Marty McGuire

Posts Tagged indieweb

2017
Sun Oct 29

This Week in the IndieWeb Audio Edition • October 21st - 27th, 2017

Show/Hide Transcript

Audio edition for This Week in the IndieWeb for October 21st - 27th, 2017.

This week features a brief interview with Tantek Çelik recorded at IndieWebCamp NYC 2017.

You can find all of my audio editions and subscribe with your favorite podcast app here: martymcgui.re/podcasts/indieweb/.

Music from Aaron Parecki’s 100DaysOfMusic project: Day 85 - Suit, Day 48 - Glitch, Day 49 - Floating, Day 9, and Day 11

Thanks to everyone in the IndieWeb chat for their feedback and suggestions. Please drop me a note if there are any changes you’d like to see for this audio edition!

Tue Oct 24

Here’s a brief interview with Oliver Baptiste from the most recent This Week in the IndieWeb Podcast.

🎧 Full Episode: https://martymcgui.re/2017/10/22/094640/

Sun Oct 22

This Week in the IndieWeb Audio Edition • October 14th - 20th, 2017

Show/Hide Transcript

Audio edition for This Week in the IndieWeb for October 14th - 20th, 2017.

This week features a brief interview with Oliver Baptiste recorded at IndieWebCamp NYC 2017.

You can find all of my audio editions and subscribe with your favorite podcast app here: martymcgui.re/podcasts/indieweb/.

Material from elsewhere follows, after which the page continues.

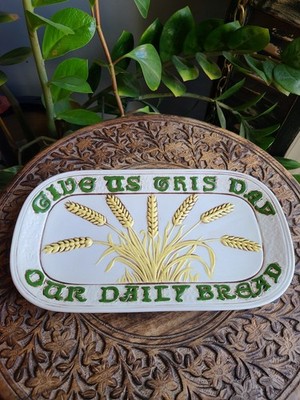 Vintage 1970s Holland Hand Painted Ceramic Give Us This Day Our Bread Platter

Music from Aaron Parecki’s 100DaysOfMusic project: Day 85 - Suit, Day 48 - Glitch, Day 49 - Floating, Day 9, and Day 11

Thanks to everyone in the IndieWeb chat for their feedback and suggestions. Please drop me a note if there are any changes you’d like to see for this audio edition!

Wed Oct 18

HWC Baltimore 2017-10-18 Wrap-Up

Baltimore's second October 2017 meetup for Homebrew Website Club met at the Digital Harbor Foundation Tech Center on October 4th.

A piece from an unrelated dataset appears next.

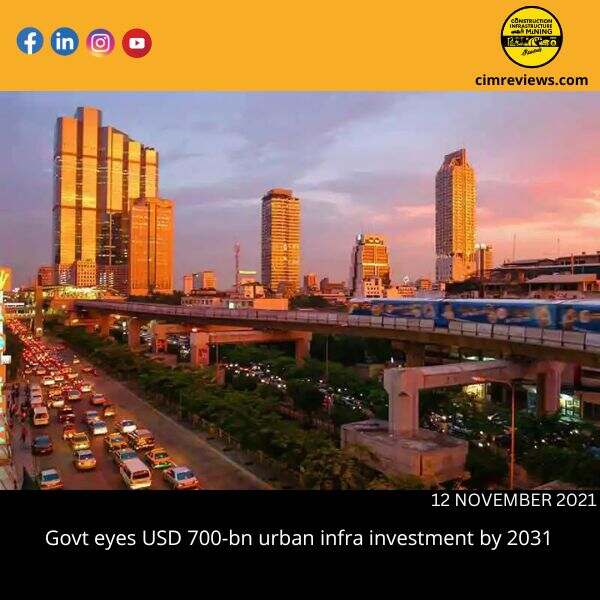 Govt eyes USD 700-bn urban infra investment by 2031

Below are notes from the "broadcast" portion of the meetup.

martymcgui.re — Recently posted about his IWC NYC hack day project - showing subtitle and caption tracks for audio files in the browser by marking them up as a video element. Showed off his new personal site, a note-taking and planning site with an audience of one. It lives on his laptop and on a protected Tor hidden service so it can be read from his phone. Also been working on porting his podcast website to Hugo, learning how fragile his micropub server is about mapping URLs to flat files on the server.

bouhmad.com — Started a new job recently, so been working to find time to work on his new site. Wrote an outline and a list of resources about what the site will be about and what content will be on it. Hoping to publish in the next two weeks!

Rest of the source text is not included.